Il mio articolo oggi sul Messaggero (Edizione Abruzzo) sul quarantennale del sisma dell’Irpinia

L’AQUILA «Impossibile dimenticare quello che L’Aquila e l’Abruzzo intero hanno fatta per noi. Gli abruzzesi furono dei veri angeli custodi». Teodoro Boccuzzi, 30enne sindaco di San Mango sul Calore che 40 anni fa venne rasa al suolo del terribile sisma che colpì l’Irpinia contando 84 morti su un migliaio di abitanti, non ha vissuto quella esperienza «ma ho ben presenti- dice- i racconti dei miei nonni e genitori di quel 23 novembre che ha rappresentato per questa comunità una data spartiacque di un prima e di un dopo».

All’epoca del disastro che sconvolse l’Italia, l’Abruzzo adottò San Mango.

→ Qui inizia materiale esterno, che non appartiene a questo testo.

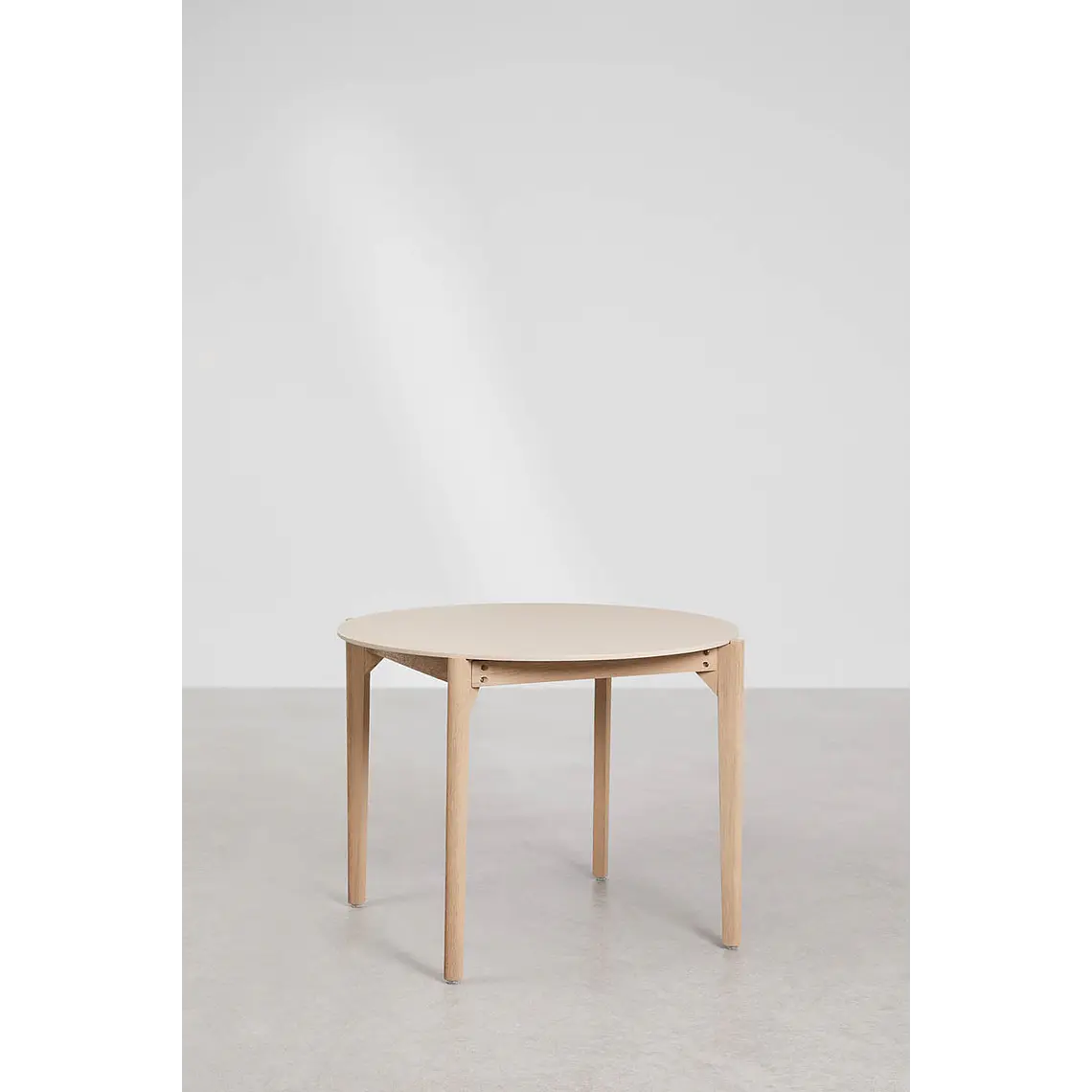 Mesa de jardín redonda Ø100 cm en cemento y madera de acacia Lumia 3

L’Abruzzo costituì un fondo che fu utilizzato prima per aiuti umanitari e poi per opere pubbliche come, ad esempio, la ricostruzione del Municipio. Fu tutta una corsa alla solidarietà: il Comune di Capistrello donò le campane per la chiesa, quello di Isola del Gran Sasso camion per la raccolta dei rifiuti e Scanno montò dei prefabbricati, oltre all’aiuto morale, con psicologi e assistenti sociali venuti da Pescara.

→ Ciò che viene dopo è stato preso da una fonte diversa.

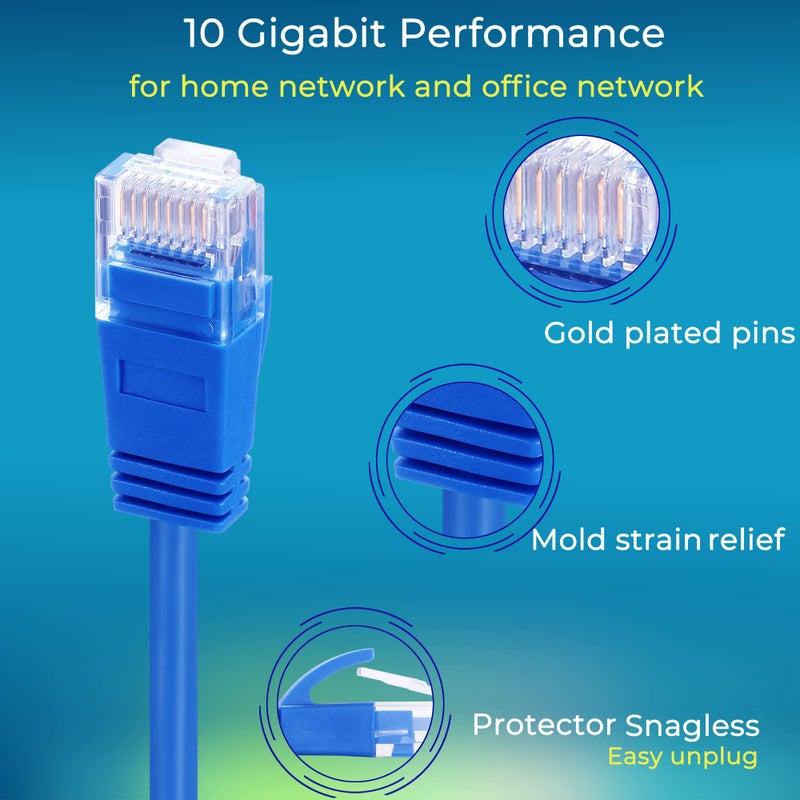 Rapink Patch Cables Cat6a 1ft (10 Pack) Slim, Cat6a Ethernet Patch Cable 10G Support, Snagless Cat 6 Patch Cable for Patch Panel to Switch, Flexiable Cat 6a Ethernet Cable with Gold Plated - Image 2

Grande protagonista fu il Comune dell’Aquila tanto che il 6 aprile 2009, poche ore le 3,32, da San Mango partì per L’Aquila l’unica ambulanza del paese con volontari e personale paramedico.

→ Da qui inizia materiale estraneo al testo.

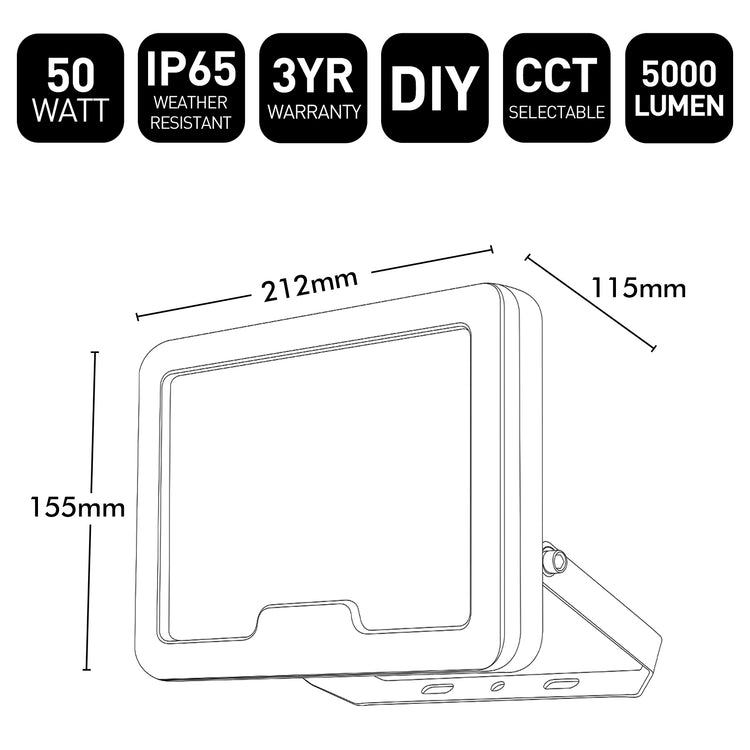 LED flood light with specifications and dimensions on a white background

E tra i molti volontari venuti dall’Abruzzo, ha ricordato ieri il sindaco di San Mango, in quei freddissimi primi di dicembre del 1980 c’era anche Giovanni Legnini, protagonista del post 6 aprile come sottosegretario alla ricostruzione e dal gennaio scorso commissario straordinario per il post sisma 2016. «Sì, forse è una “predestinazione” la mia…- commenta Legnini-. Prima a San Mango, poi quattro anni dopo al terremoto del Parco nazionale d’Abruzzo, quindi, come giovane sindaco del mio paese, Roccamontepiano, che venne distrutto da un frana due secoli fa con 500 morti, ad affrontare queste tematiche, oggi commissario. Certo, quella prima esperienza fu per me decisiva. Partii ventenne come volontario della Fgci, i giovani comunisti, insieme a Giovanni Lolli, il povero Rocco Buttari, Enrico Paolini ed altri. Ci demmo molto da fare. Partecipai anche, come manovale, alla costruzione di una baracca in legno, oggi diremmo un prefabbricato, che sarebbe servita come scuola. Vivemmo il dolore di quella gente ma anche la loro ferra volontà di ripartire. Nevicava, era freddo. Ma non mollammo di un centimetro. Tra i tanti aneddoti, ricordo che tra gli aiuti erano arrivate anche della scarpe dalla Germania. Ce n’era un paio numero 54. Visto che nessuno avrebbe potuto calzarle, chiesi di poterle riportare come “cimelio”. Le ho conservate, come monito, per anni… Lì, in Irpinia, nacque la Protezione civile a doppia trazione, pubblico-volontariato, che ha fatto del nostro sistema uno dei migliori al mondo».